Polícia

Policiais civis farão protesto na Praça João Pessoa amanhã

Na parte da tarde, a convite da Deputada Nadja Palitot, ASPOL/SINPOL, Adepdel, APO e SINDEPOL participaram de uma reunião com o Secretário das Finanças Marcos Ubiratan.

greve civilApós o feriadão, o primeiro dia útil foi movimentado para o Comando de Greve. Durante todo o dia, as entidades aguardaram por uma resposta do Governo do Estado, a qual não veio. Pela manhã, o comando de greve reuniu-se com o Procurador Geral de Justiça Oswaldo Trigueiro Filho, debatendo sobre o prejuízo que a greve traz e da responsabilidade do Estado em buscar solução para o conflito.

Na parte da tarde, a convite da Deputada Nadja Palitot, ASPOL/SINPOL, Adepdel, APO e SINDEPOL participaram de uma reunião com o Secretário das Finanças Marcos Ubiratan. Após breve demonstração sobre as finanças do Estado por parte do Secretário, o presidente da Aspol Flávio Moreira, detectou que segundo as informações prestadas, o FPE voltou a crescer no mês de outubro, o que somado ao ICMS importa em dizer que o Estado tem se recuperado da crise financeira.
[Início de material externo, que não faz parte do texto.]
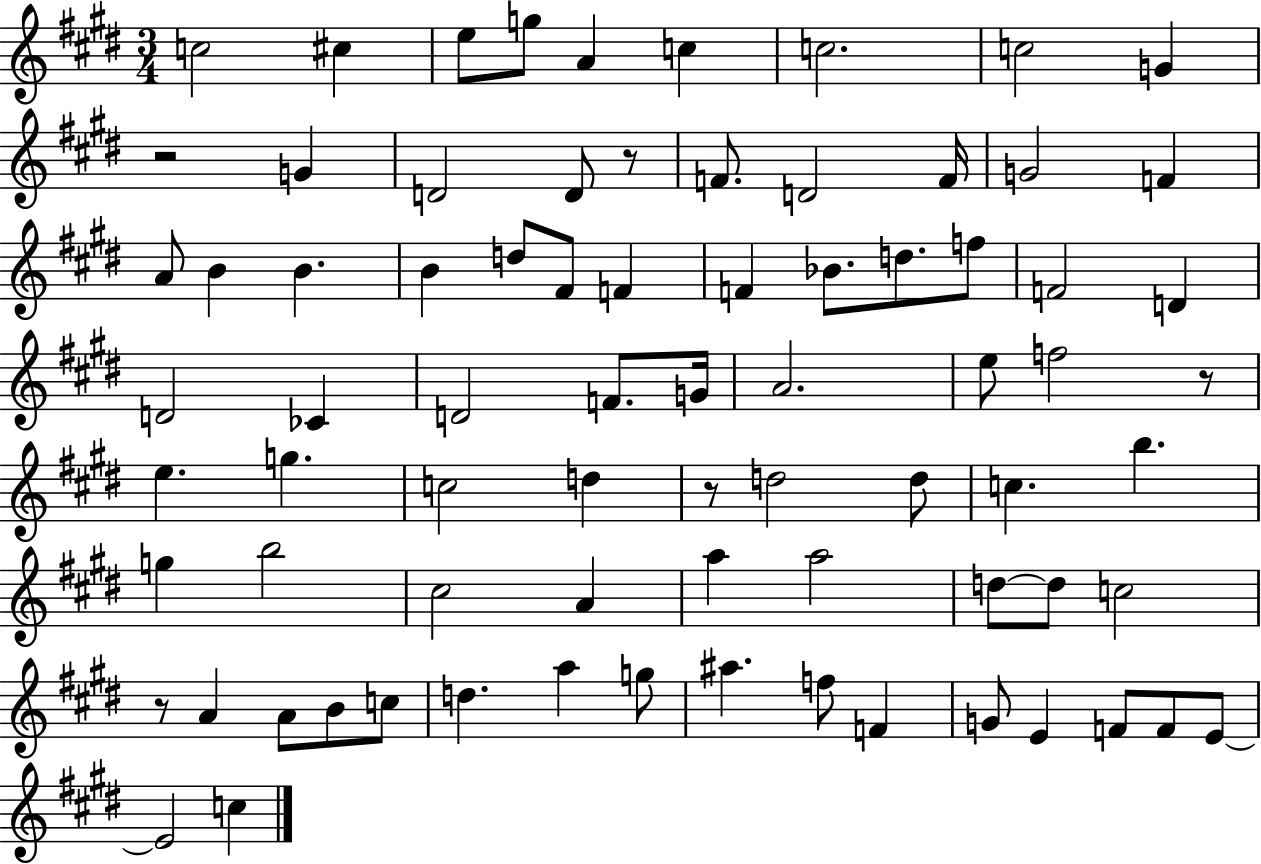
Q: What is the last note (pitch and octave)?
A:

Quanto a questão do limite da Lei de Responsabilidade Fiscal, o Secretário Marcos Ubiratan afirmou que o gasto com pessoal bate hoje na casa dos 63,85% (sessenta e três, virgula oitenta e cinco por cento), o que estaria acima do limite.

Questionado pelo presidente Flávio Moreira quanto à questão de que caso haja tal situação, o Estado estaria realmente impedido de conceder qualquer reajuste, porém TAMBÉM ESTARIA IMPEDIDO DE EFETUAR QUALQUER CONTRATAÇÃO/NOMEAÇÃO, O QUE TEM OCORRIDO.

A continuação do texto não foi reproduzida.